The word tabla is thought to have its origins in the Arabic tabl (a generic term for any drum), but the instrument itself was undoubtedly invented in India. However its exact origins are shrouded in mystery and controversy. Similar instruments are visible in 5th-century temple carvings in Karnataka, and subsequent myths abound - including tales of how a double-headed pakhawaj drum was split into two halves by 13th-century Sufi saint-musician Amir Khusrau (or alternatively by an angry percussionist in Emperor Akbar’s court).

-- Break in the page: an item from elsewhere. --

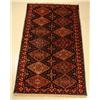 Image 1 : A Persian Khorasan Wool Rug.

It is more likely that it evolved gradually from existing drums during the 18th century, although it is doubtful that its exact origins will ever be traced. For more information then read Jameela Siddiqi’s excellent historical article for Darbar on the subject - I have drawn from it in this one. Below is a clip of UK-based artist Shahbaz Hussain demonstrating some historic folk rhythms from Balochistan and the Punjab region - the sort of grooves which helped give birth to the modern Punjab gharana tabla repertoire.
Ojas Adhiya combines extraordinary technical aptitude with a vast knowledge base. Born in a small Maharashtra village, he was drawn to the tabla from infancy, experimenting with the instrument at the age of two. He taught himself the 8-beat keherwa taal soon afterwards, shocking his father when he first overheard him. Soon after he was listed in the Limca book of records as India’s youngest tabla artist, having debuted at the age of four. He began to accompany his parents, both spiritual gurus, in their ceremonies.
Aged five he began studying with Shri Mridangraj of the Ajrada gharana. During his time as a student he also delved into jazz, ghazal, and Carnatic rhythm, and advises young players to play everything they hear. He combines exuberance with restraint, citing the influence of modern stars such as Ustad Zakir Hussain, Pandit Swapan Chaudhuri, Pandit Kumar Bose, and Pandit Anindo Chatterjee. Today he accompanies top artists and is firmly establishing himself as an exciting solo performer.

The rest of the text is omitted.